Gandalf paused astonished and looked at him. "It was only a dream," said Frodo, "but it suddenly came back to me. I had quite forgotten it. It came some time ago; after I left the Shire, I think."

"Then it was late in coming," said Gandalf [...]. (hotR II.2.261)

It is an interesting detail, but one that had surely been forgotten by the reader as well as by Frodo.

Again, on the Barrow-downs, after Bombadil has rescued the hobbits from the barrow, he mentions the Men of Westernesse who had forged the blades he had given them, adding, "Few now remember them [...] yet still some go wandering, sons of forgotten kings walking in loneliness, guarding from evil things folk that are heedless."

The hobbits did not understand his words, but as he spoke they had a vision as it were of a great expanse of years behind them, like a vast shadowy plain over which there strode shapes of Men, tall and grim with bright swords, and last came one with a star on his brow. Then the vision faded, and they were back in the sunlit world. (LotR I.8.146)

The reader understands the whole thing no more than do the hobbits; only later do we come to realize that the Men were Rangers, and the last is Aragorn.

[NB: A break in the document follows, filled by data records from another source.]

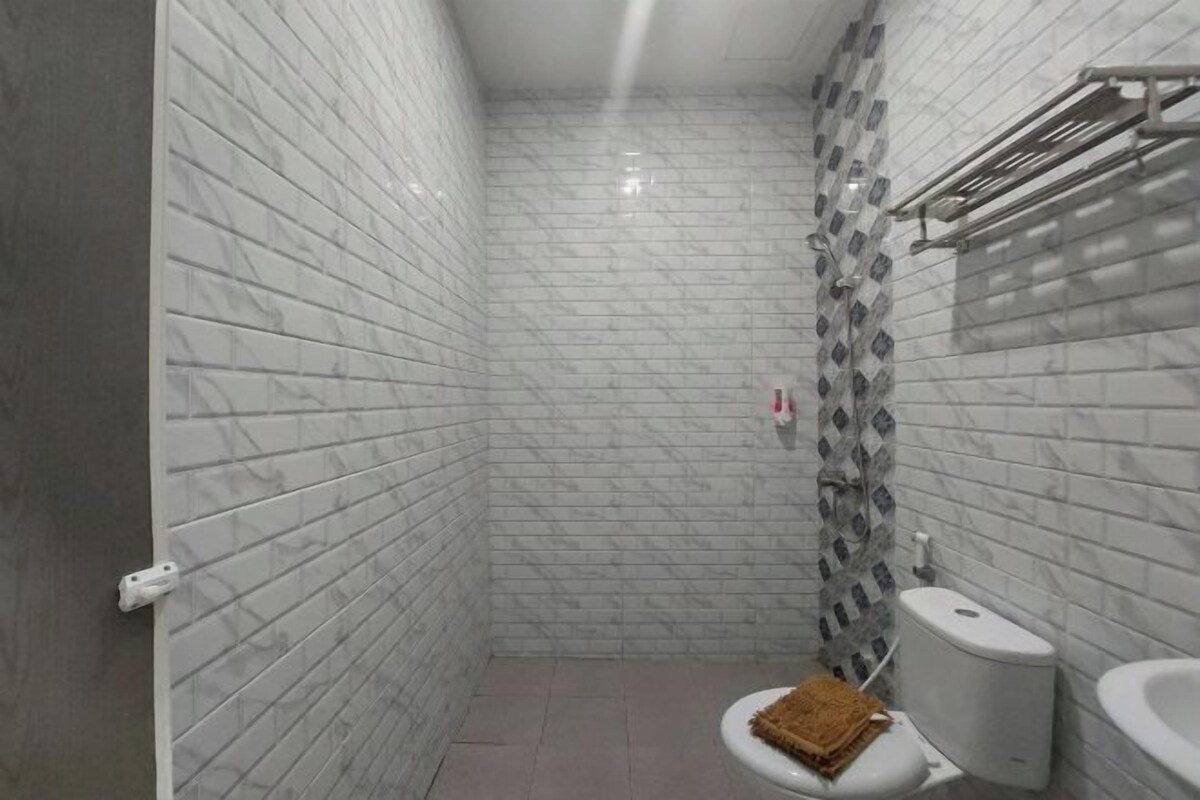 A small, narrow bathroom with white marble tiles, a toilet, a sink, and a towel rack.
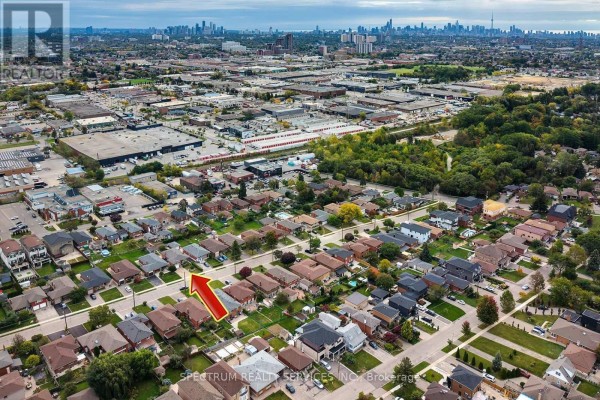 Aerial view of a residential neighborhood showing multiple single-family homes with green lawns. - 37 Jocada Road, Toronto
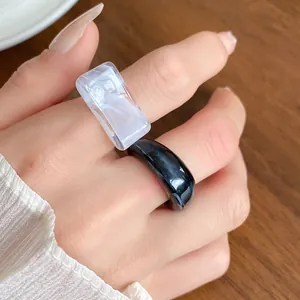 Close-up detail showing the textures of marbled black and white acrylic geometric rings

Of course the most prominent dream in the text is the dream of Faramir and Boromir, in which they hear the riddling verse:
   Seek for the Sword that was broken:
   In Imladris it dwells;
   There shall be counsels taken
   Stonger than Morgul-spells.
   There shall be shown a token
   That Doom is near at hand,
   For Isildur's Bane shall waken,
   And the Halfling forth shall stand. (LotR II.2.246)

It is to find the meaning of this verse that Boromir comes to the House of Elrond, which is certainly essential to the plot. And the verse figures later in the narrative as well, when Frodo meets Faramir. But its primary function here is to introduce the character Boromir into the narrative, and to provide an opportunity for much lengthy exposition.

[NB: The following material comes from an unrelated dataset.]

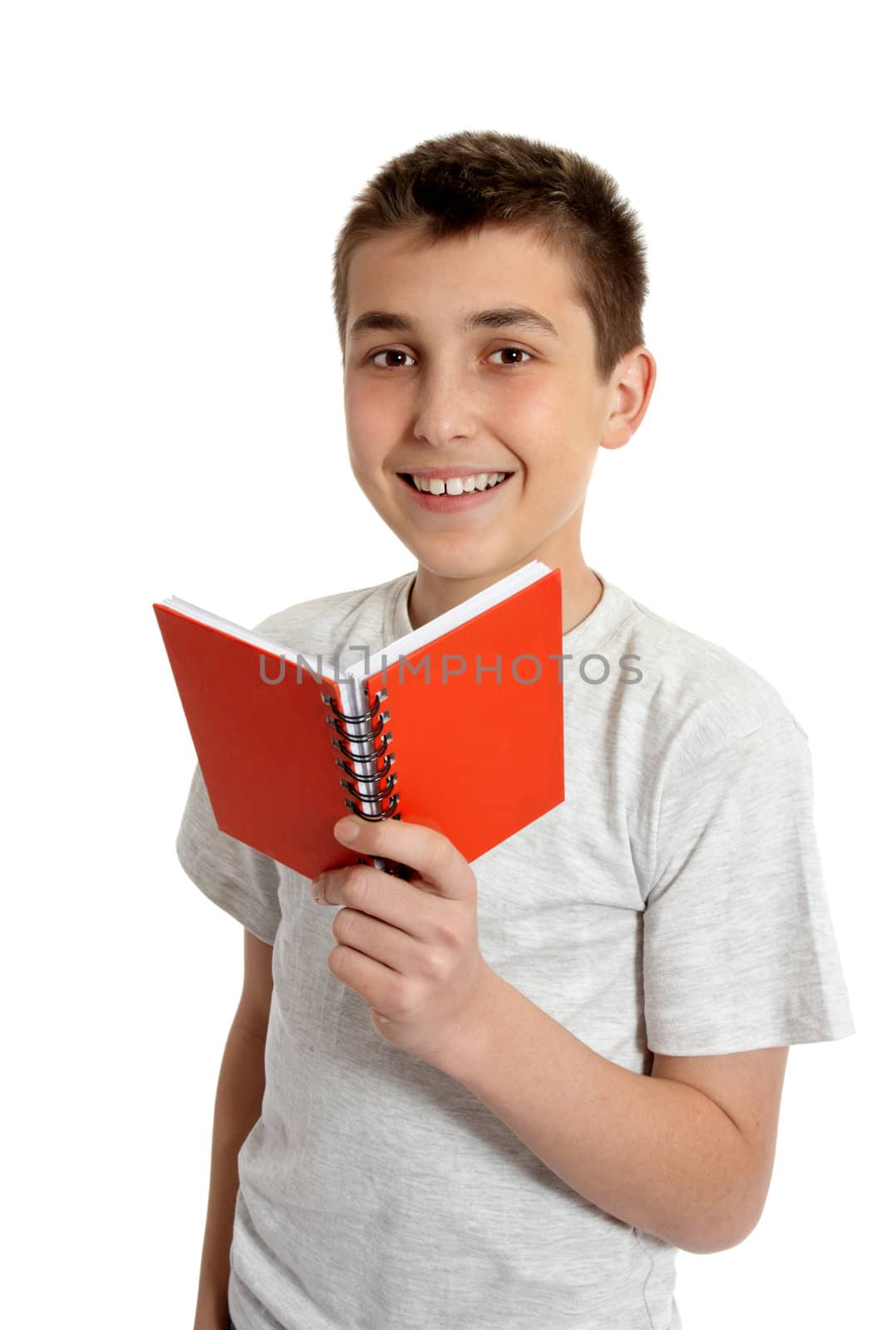 A smiling schoolboy holds an open red book in his hand.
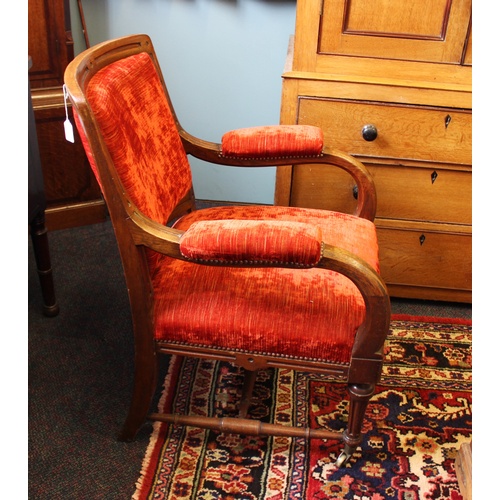 738 - A Victorian oak and upholstered library chair, the padded back within a fluted frame, above down swe...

These dreams and prophecies are mostly part of the background of the novel. As literary devices, they certainly contribute to the novel's mood. By them the reader knows that he is in a world where prophecy is possible, where men are somehow connected to the numinous. But other than establishing mood, their main function is foreshadowing. With two exceptions, the reader hardly notices them as they occur, and whatever their importance may be is only perceived by the reader much later.

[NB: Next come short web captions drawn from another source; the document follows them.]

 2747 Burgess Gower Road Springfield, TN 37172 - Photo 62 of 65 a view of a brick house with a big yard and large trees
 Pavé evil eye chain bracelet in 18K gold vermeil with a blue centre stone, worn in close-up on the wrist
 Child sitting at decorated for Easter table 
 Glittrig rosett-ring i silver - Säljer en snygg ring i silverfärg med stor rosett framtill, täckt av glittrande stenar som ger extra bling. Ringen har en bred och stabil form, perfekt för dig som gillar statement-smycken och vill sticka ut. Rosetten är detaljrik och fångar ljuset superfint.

Divination has a more prominent place in The Lord of the Rings. Two obvious examples come immediately to mind: the palantiri and the Mirror of Galadriel. The palantiri are a means of overcoming the human limitations of space. They are crucial to the plot; they are also profoundly ambiguous. It is by means of a palantir that Sauron corrupts Saruman and drives Denethor mad. And it is by the use of a palantir that Aragorn challenges Sauron and goads him into disastrous precitate action. When Pippin asks Gandalf if the palantir had been made by the Enemy, Gandalf replies thoughtfully:

No [...] Nor by Saruman. It is beyond his art, and beyond Sauron's, too. The palantiri came from beyond Westernesse, from Eldamar. Feanor himself wrought them, maybe, in days so long ago that the time cannot be measured in years. But there is nothing that Sauron cannot turn to evil uses. Alas for Saruman! It was his downfall, as I now perceive. Perilous to us all are the devices of an art deeper than we possess ourselves. (LotR 111.11.597)

The Stones of Seeing are products of Elvish craft. Their origin is very ancient, but they are not gifts of the gods. And they must be used. One must look into a palantir to derive any benefit from it; it does not work on one's mind unbidden. And thus it is neither good nor evil in and of itself. Gandalf's remarks give the reader a glimpse into Tolkien's moral universe. Evil is not inherent in objects, whether natural or artificial. The evil aspects of things come from the uses to which they are put, and the intentions behind those uses. Things we do not understand are dangerous, because they may become the means whereby we become entangled in the evil purposes of others. And not even a Wizard is immune from that danger. This is of course true above all of the Rings, especially of the One Ring. In this world prudence and humility are essential virtues. If one does not recognize one's own limitations, one will almost inevitably come to grief.

Aside from the Rings themselves, perhaps the most prominent magical object in The hord of the Rings is the Mirror of Galadriel. This is another tool of divination, and is specifically connected with "magic" in the text. In Lorien, the Lady Galadriel invites Frodo and Sam to follow her, leading them down a long stairway to where a silver basin stands on a pedestal beside a stream. When she has filled the basin with water and breathed on it, she invites the hobbits to look:

"What shall we look for, and what shall we see?" asked Frodo, filled with awe.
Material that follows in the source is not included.